> PROBLEM STATEMENT: Every line of the material has to be retyped exactly.

> SOURCE DATA:

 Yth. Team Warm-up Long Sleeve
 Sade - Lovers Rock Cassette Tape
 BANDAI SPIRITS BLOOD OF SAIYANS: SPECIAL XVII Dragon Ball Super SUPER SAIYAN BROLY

> RESPONSE BELOW:
 Yth. Team Warm-up Long Sleeve
 Sade - Lovers Rock Cassette Tape
 BANDAI SPIRITS BLOOD OF SAIYANS: SPECIAL XVII Dragon Ball Super SUPER SAIYAN BROLY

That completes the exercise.